Repeat exactly the line with "this 730×530 image." and each line after it to the end of the data below; pictures stay out.

===== Entries supplied

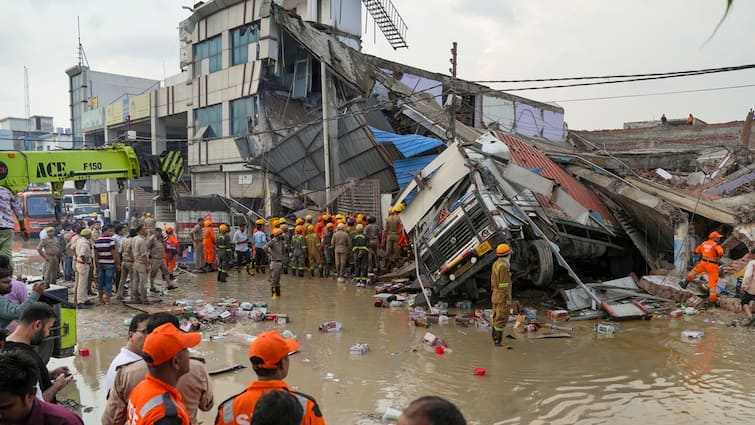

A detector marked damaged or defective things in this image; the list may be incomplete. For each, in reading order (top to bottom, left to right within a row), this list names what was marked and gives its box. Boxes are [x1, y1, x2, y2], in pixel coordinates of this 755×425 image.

broken window [192, 34, 221, 77]
broken window [230, 22, 260, 65]
broken window [193, 103, 223, 137]
broken window [232, 96, 258, 136]
overturned truck [396, 134, 628, 300]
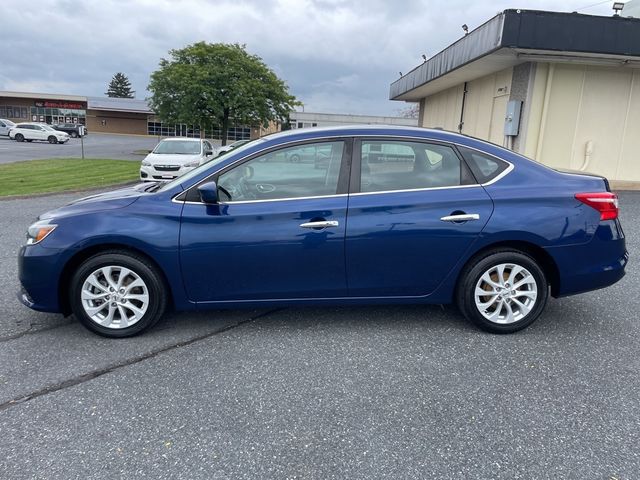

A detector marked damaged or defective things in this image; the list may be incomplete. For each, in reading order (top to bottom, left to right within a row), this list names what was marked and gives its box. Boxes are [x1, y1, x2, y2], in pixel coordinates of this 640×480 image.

pavement crack [0, 310, 280, 410]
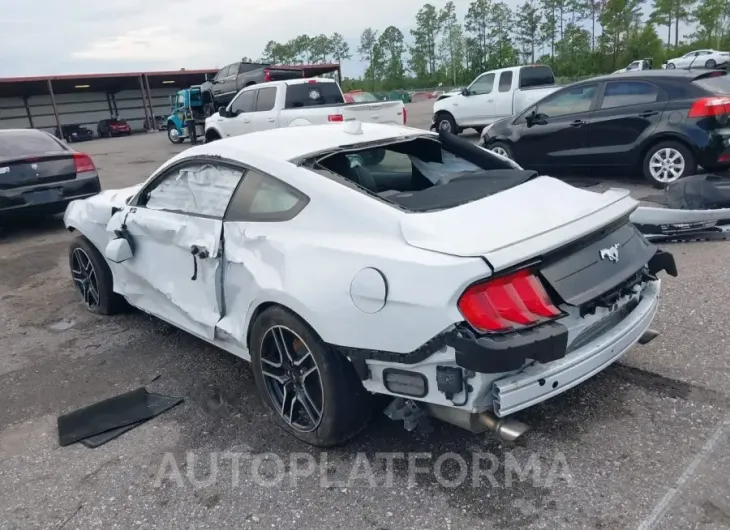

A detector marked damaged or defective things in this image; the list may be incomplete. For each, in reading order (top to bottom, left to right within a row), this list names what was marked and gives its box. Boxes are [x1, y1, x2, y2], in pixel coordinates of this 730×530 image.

damaged white car [64, 121, 676, 444]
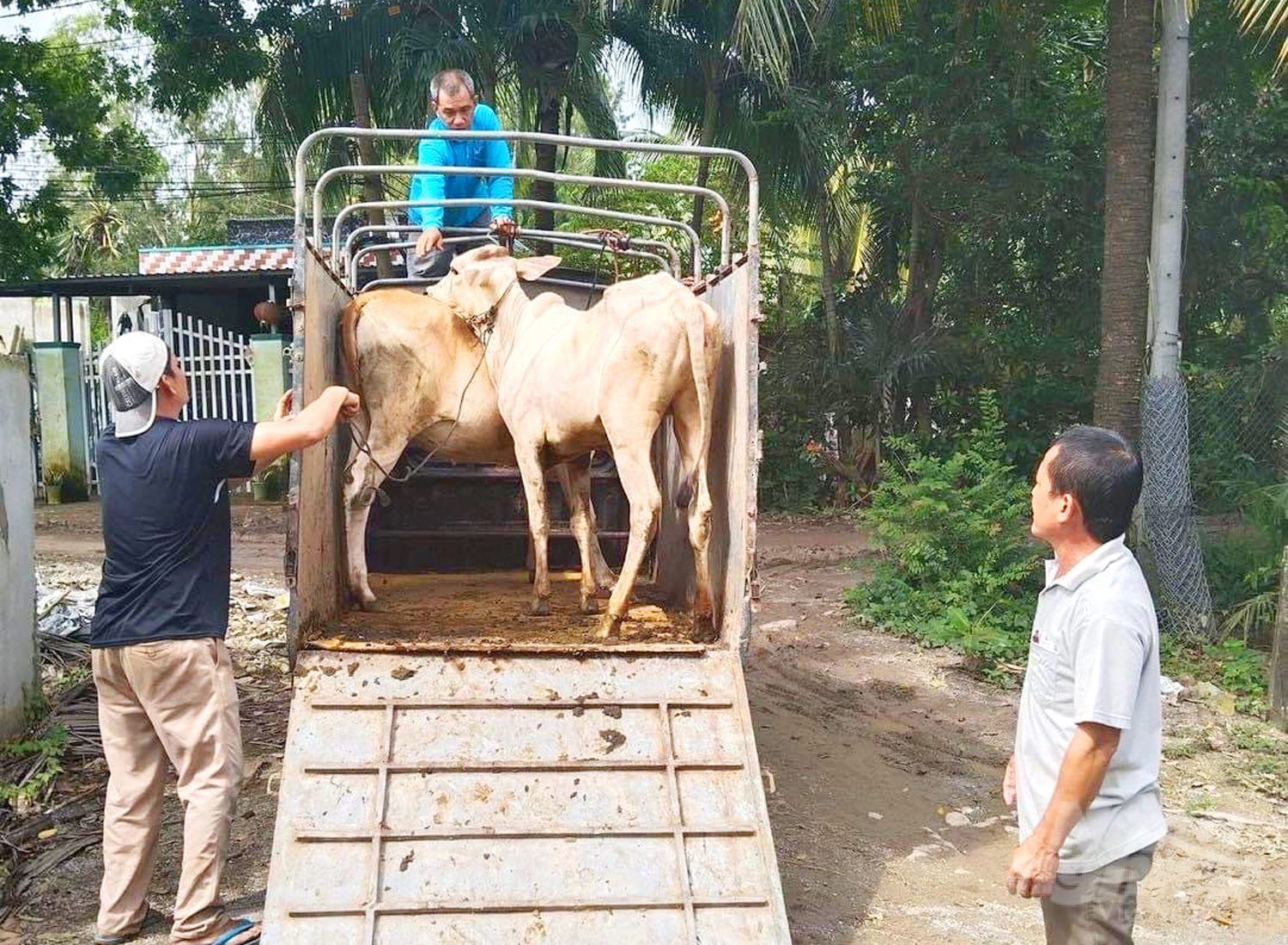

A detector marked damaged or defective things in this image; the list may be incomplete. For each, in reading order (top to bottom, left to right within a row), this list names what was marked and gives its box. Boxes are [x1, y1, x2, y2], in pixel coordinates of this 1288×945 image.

rusty metal ramp [261, 649, 788, 943]
rusted metal surface [261, 649, 788, 943]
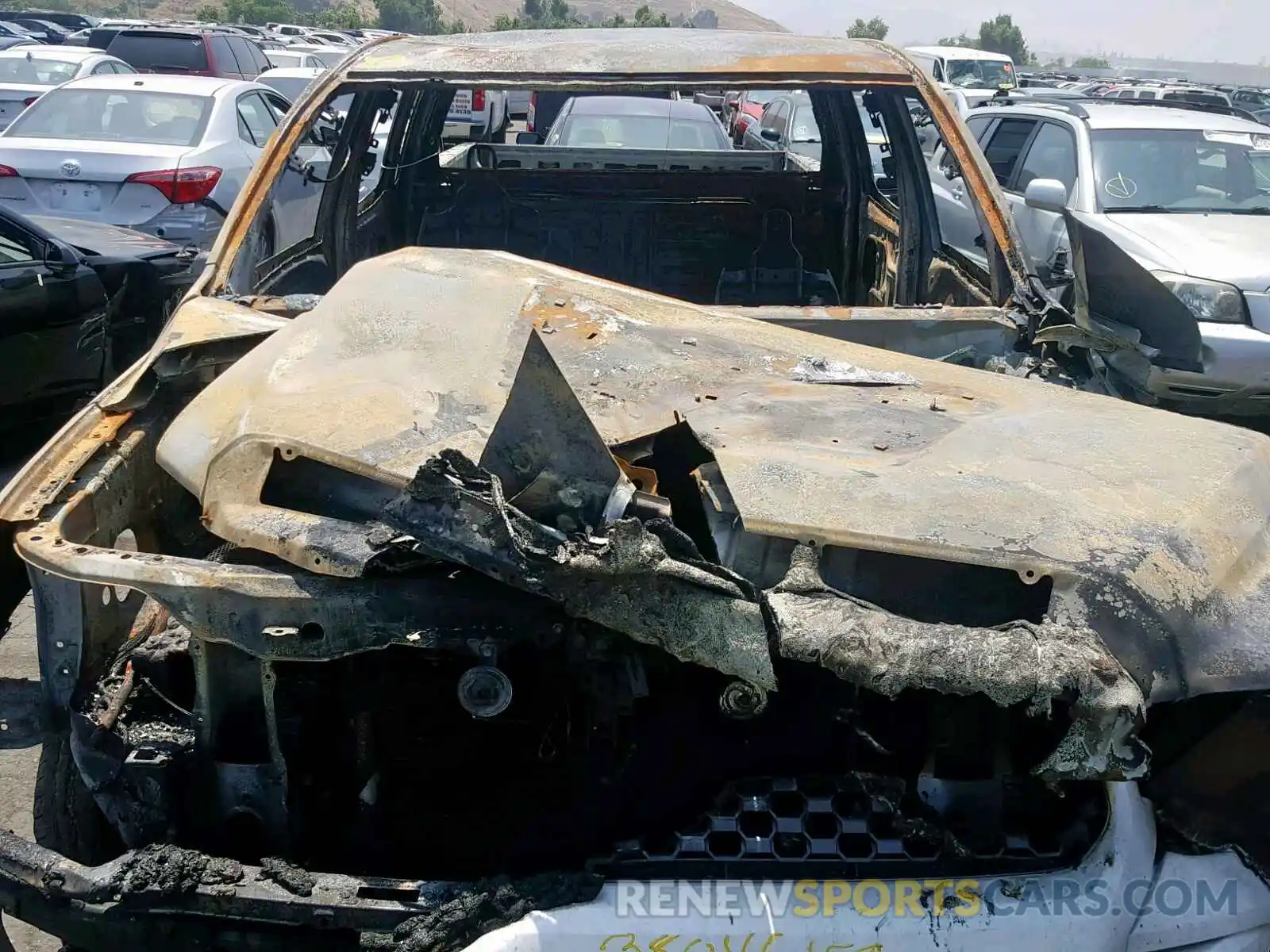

==========

Solution >>
A detector marked damaged or defective things in this image; the list may be incomplete. For each, in reading order (top to bottom, left to right within a row), this list names what was marked and gives its box. Boxes are [x1, y1, x2, y2], in pixel coordinates of this 730×530 image.

damaged white car [64, 121, 676, 444]

A detector marked damaged or defective things in this image; the list may be incomplete. For each, in reading order (top to bottom, left to right within a row), this list names what was marked and gives its box. Boxes are [x1, y1, x2, y2], in pixel coordinates of this 1288×945 image.

rusty metal ramp [261, 649, 788, 943]
rusted metal surface [261, 649, 788, 943]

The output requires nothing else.